# [What is being asked]
Transcribe the lines below exactly. No image belongs in the transcription.
BEGIN Given data
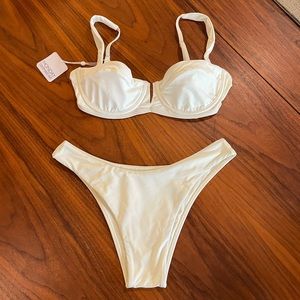 Top & Bottom: Monday Swimwear Clovelly Top M and Byron Bottom M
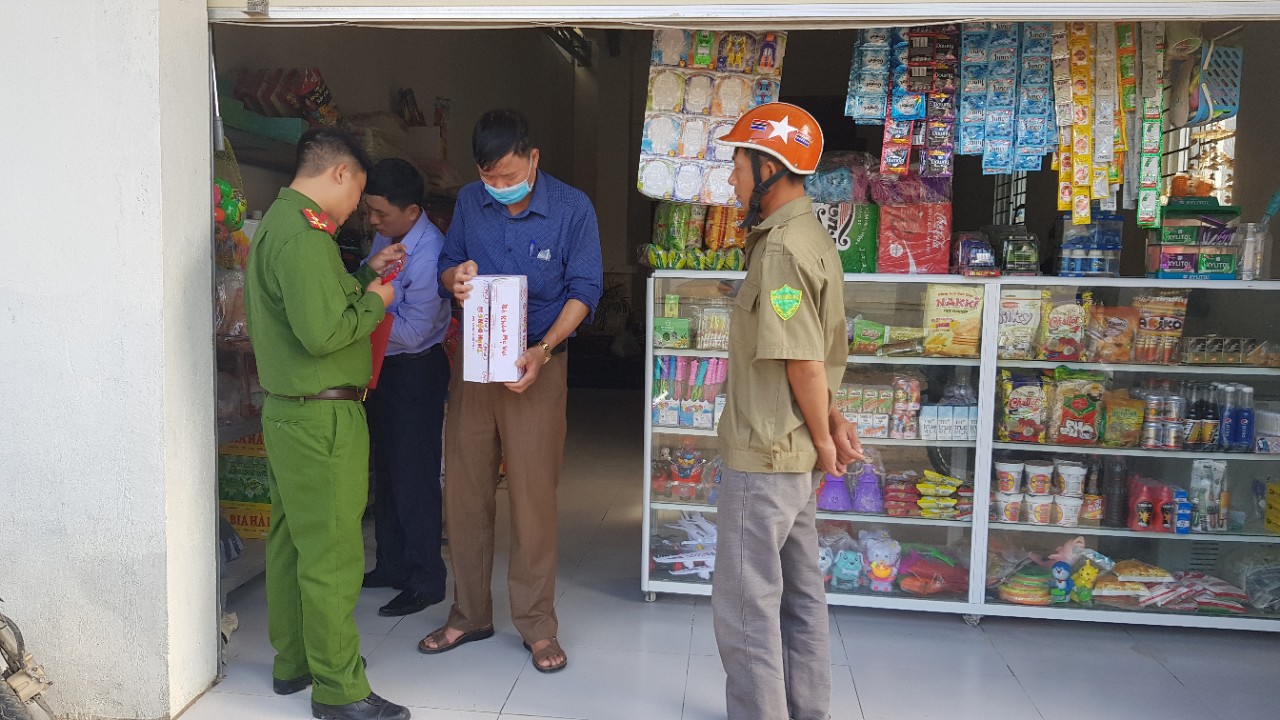 Ủy ban nhân dân phường Mai Hùng ra quân kiểm tra an toàn thực phẩm các cơ sở kinh doanh trước tết trung thu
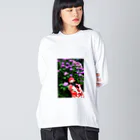 未野のグッズ屋さんの紫陽花に囲まれた着物の赤髪さん ビッグシルエットロングスリーブTシャツ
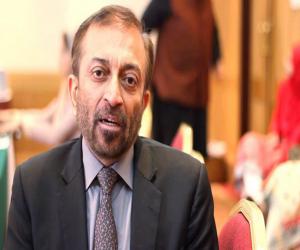 ایم کیو ایم بحالی کمیٹی کے سربراہ ڈاکٹر فاروق ستار کا کہنا ہے کہ کھیل کے میدان میں کراچی کے نوجوانوں کو نظر انداز کیا جاتا ہے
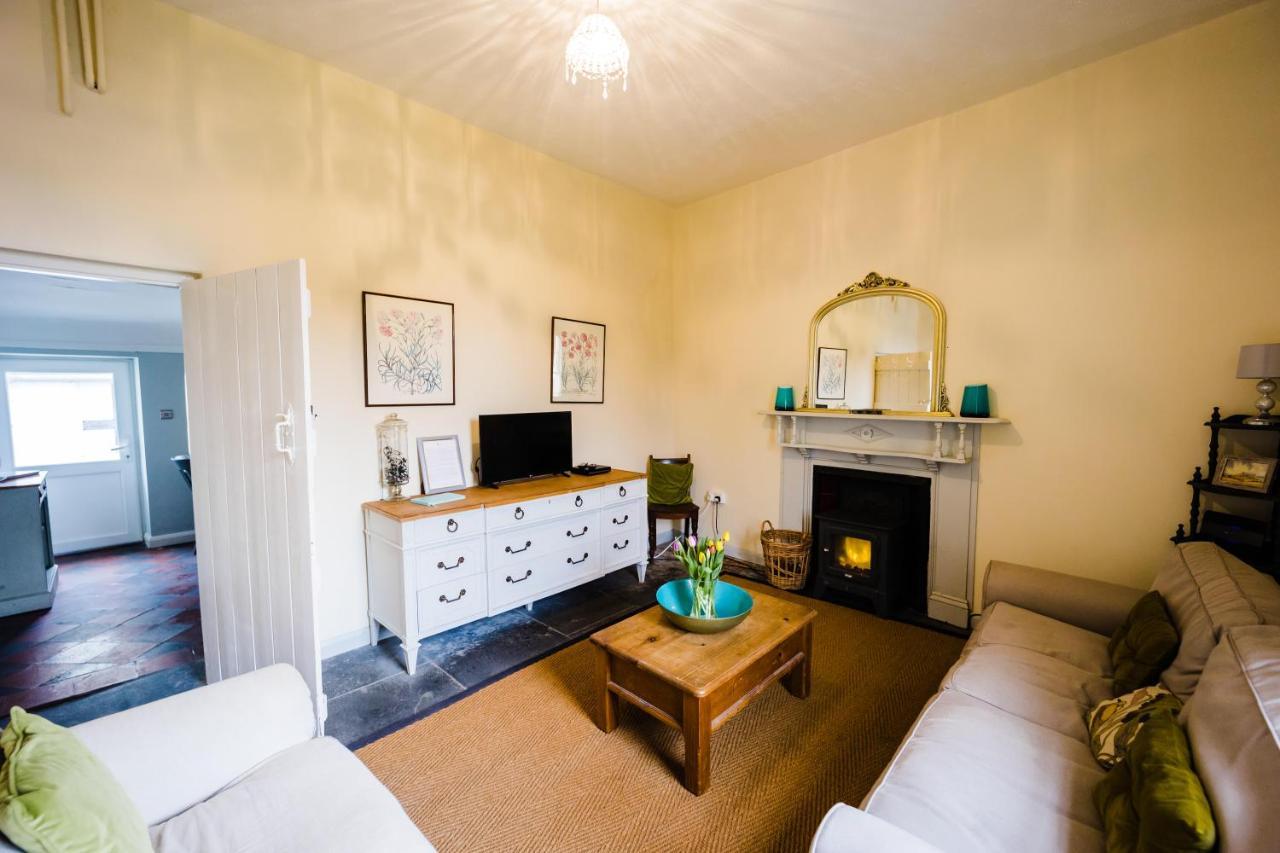 May Tree Cottage Manorbier 5 Mins From The Beach Sleeps 4 Екстер'єр фото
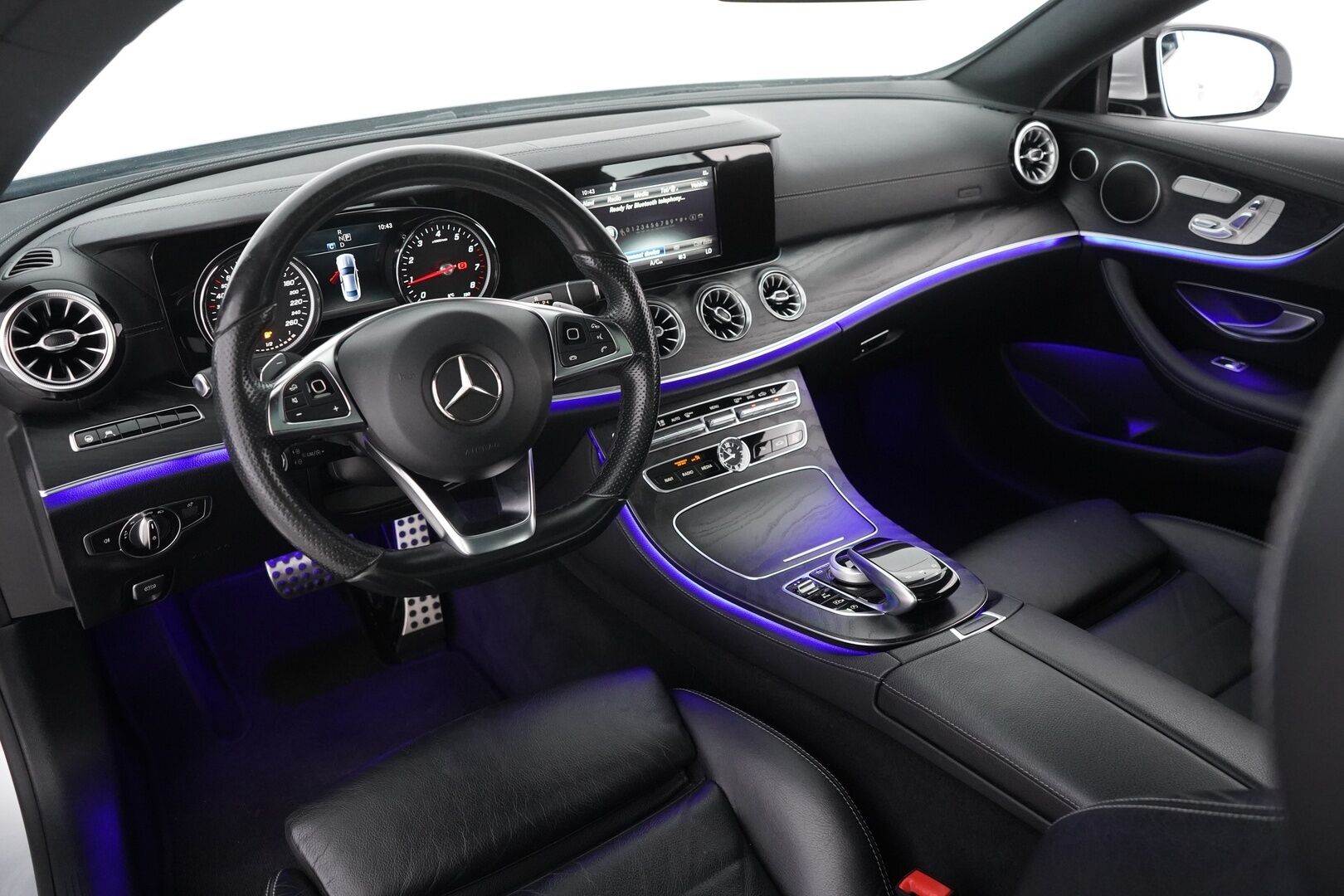 MERCEDES-BENZ E 2017 300 A Coupe AMG  -  Distronic+ | Sporttinahat muistilla | Multibeam LED | Kattoluukku | P.kamera | Steering pilot | Ambient | Navi | Kahdet renkaat vanteilla |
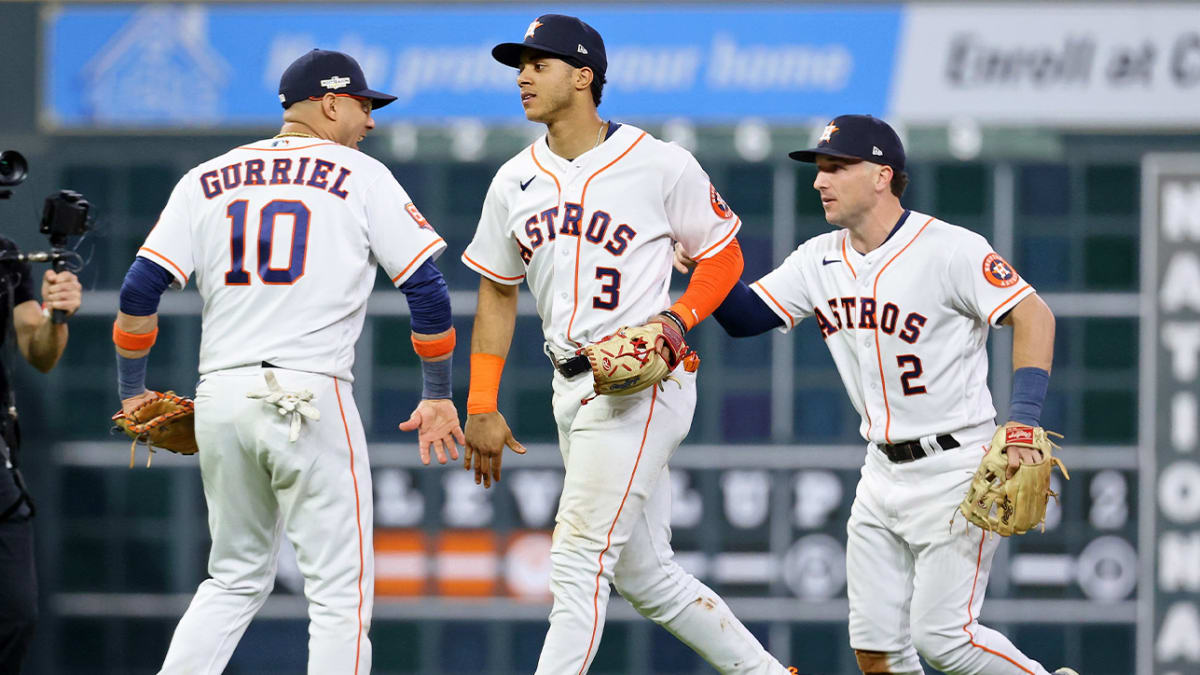 Astros edge Yankees to take 2-0 ALCS lead - Los Angeles Times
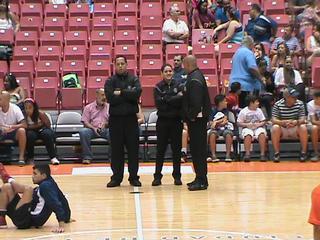 Enrique Burgos, Rebeca Davila y Jesús Borges: Segundo Juego de la Final Novicios 2015, ABB Vaqueros Vs Bucaplaa Pumas. / Foto por: Máximo Paula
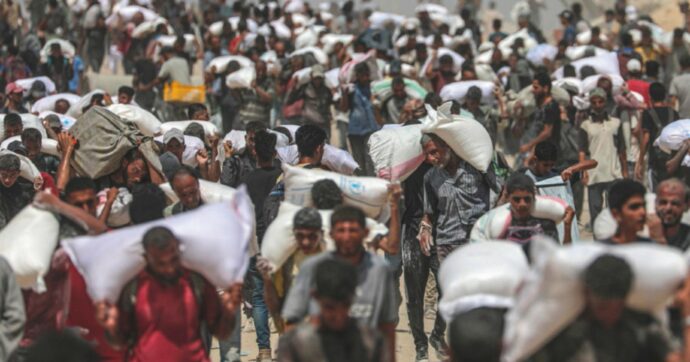 L’Idf fa entrare cibo e soldi per le milizie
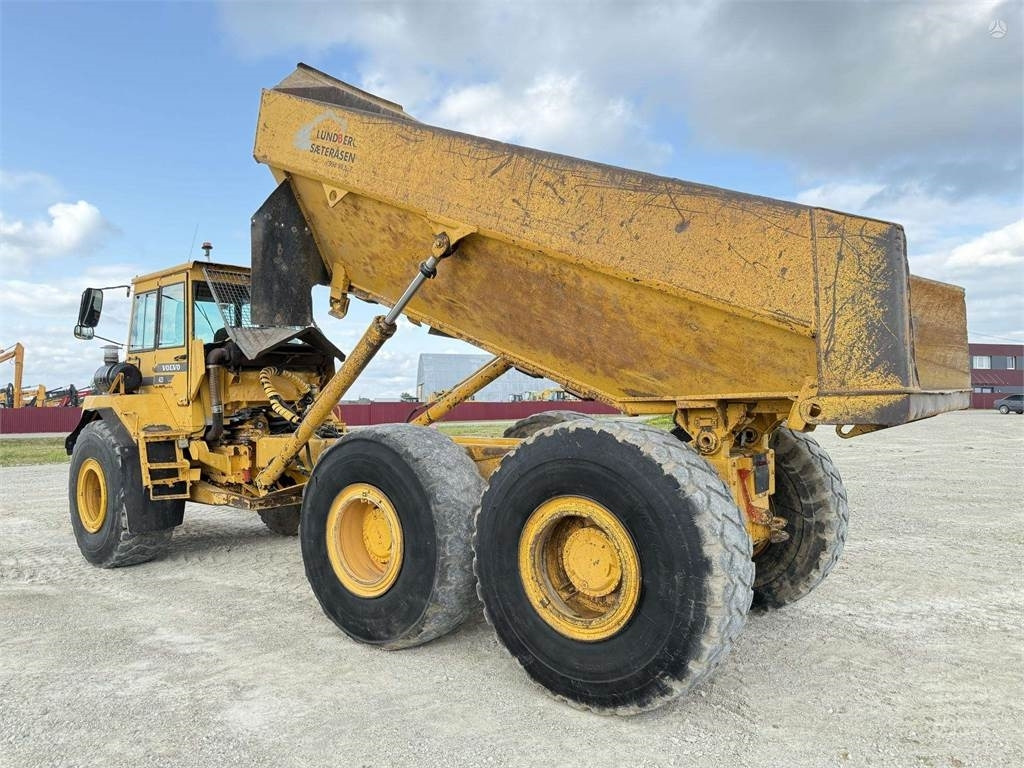 Volvo A25C - Tombereau articulé: photos 3 Volvo A25C - Tombereau articulé: photos 3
END Given data
# [Exercise solution]
 Top & Bottom: Monday Swimwear Clovelly Top M and Byron Bottom M
 Ủy ban nhân dân phường Mai Hùng ra quân kiểm tra an toàn thực phẩm các cơ sở kinh doanh trước tết trung thu
 未野のグッズ屋さんの紫陽花に囲まれた着物の赤髪さん ビッグシルエットロングスリーブTシャツ
 ایم کیو ایم بحالی کمیٹی کے سربراہ ڈاکٹر فاروق ستار کا کہنا ہے کہ کھیل کے میدان میں کراچی کے نوجوانوں کو نظر انداز کیا جاتا ہے
 May Tree Cottage Manorbier 5 Mins From The Beach Sleeps 4 Екстер'єр фото
 MERCEDES-BENZ E 2017 300 A Coupe AMG  -  Distronic+ | Sporttinahat muistilla | Multibeam LED | Kattoluukku | P.kamera | Steering pilot | Ambient | Navi | Kahdet renkaat vanteilla |
 Astros edge Yankees to take 2-0 ALCS lead - Los Angeles Times
 Enrique Burgos, Rebeca Davila y Jesús Borges: Segundo Juego de la Final Novicios 2015, ABB Vaqueros Vs Bucaplaa Pumas. / Foto por: Máximo Paula
 L’Idf fa entrare cibo e soldi per le milizie
 Volvo A25C - Tombereau articulé: photos 3 Volvo A25C - Tombereau articulé: photos 3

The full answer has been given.